◆ **REQUIRED WORK**
Return exactly the lines that run from the one with "TOYOTA SIENTA 2016" to the last line of the entries below, both included, and nothing else.

== Segment start ==

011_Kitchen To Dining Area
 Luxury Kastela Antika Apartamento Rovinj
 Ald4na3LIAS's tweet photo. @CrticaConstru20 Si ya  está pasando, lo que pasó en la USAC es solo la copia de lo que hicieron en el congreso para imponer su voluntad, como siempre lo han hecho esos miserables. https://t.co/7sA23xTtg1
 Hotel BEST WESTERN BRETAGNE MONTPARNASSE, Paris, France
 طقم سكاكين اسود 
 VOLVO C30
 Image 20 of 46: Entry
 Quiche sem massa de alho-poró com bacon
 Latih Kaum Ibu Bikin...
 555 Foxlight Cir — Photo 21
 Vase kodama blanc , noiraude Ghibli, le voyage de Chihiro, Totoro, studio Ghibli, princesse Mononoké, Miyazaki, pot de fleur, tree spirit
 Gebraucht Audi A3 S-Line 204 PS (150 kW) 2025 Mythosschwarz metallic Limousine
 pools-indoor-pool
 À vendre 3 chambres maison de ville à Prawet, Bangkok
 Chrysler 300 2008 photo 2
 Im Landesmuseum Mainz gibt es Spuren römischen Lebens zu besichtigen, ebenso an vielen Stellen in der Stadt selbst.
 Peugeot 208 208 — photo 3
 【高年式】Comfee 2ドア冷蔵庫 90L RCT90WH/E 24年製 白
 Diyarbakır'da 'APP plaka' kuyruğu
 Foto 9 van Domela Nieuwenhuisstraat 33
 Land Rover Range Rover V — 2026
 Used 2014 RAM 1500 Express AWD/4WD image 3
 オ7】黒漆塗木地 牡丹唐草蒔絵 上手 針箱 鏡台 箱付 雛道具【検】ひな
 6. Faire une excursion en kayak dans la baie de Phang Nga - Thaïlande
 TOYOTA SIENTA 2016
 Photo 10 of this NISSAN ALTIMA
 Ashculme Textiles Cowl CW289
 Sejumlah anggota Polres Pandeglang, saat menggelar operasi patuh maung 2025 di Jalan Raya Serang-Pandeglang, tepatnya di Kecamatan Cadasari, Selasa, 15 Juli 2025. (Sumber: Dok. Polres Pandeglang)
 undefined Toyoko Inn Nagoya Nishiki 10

== Segment end ==

◆ **SOLUTION TO THE EXERCISE**
 TOYOTA SIENTA 2016
 Photo 10 of this NISSAN ALTIMA
 Ashculme Textiles Cowl CW289
 Sejumlah anggota Polres Pandeglang, saat menggelar operasi patuh maung 2025 di Jalan Raya Serang-Pandeglang, tepatnya di Kecamatan Cadasari, Selasa, 15 Juli 2025. (Sumber: Dok. Polres Pandeglang)
 undefined Toyoko Inn Nagoya Nishiki 10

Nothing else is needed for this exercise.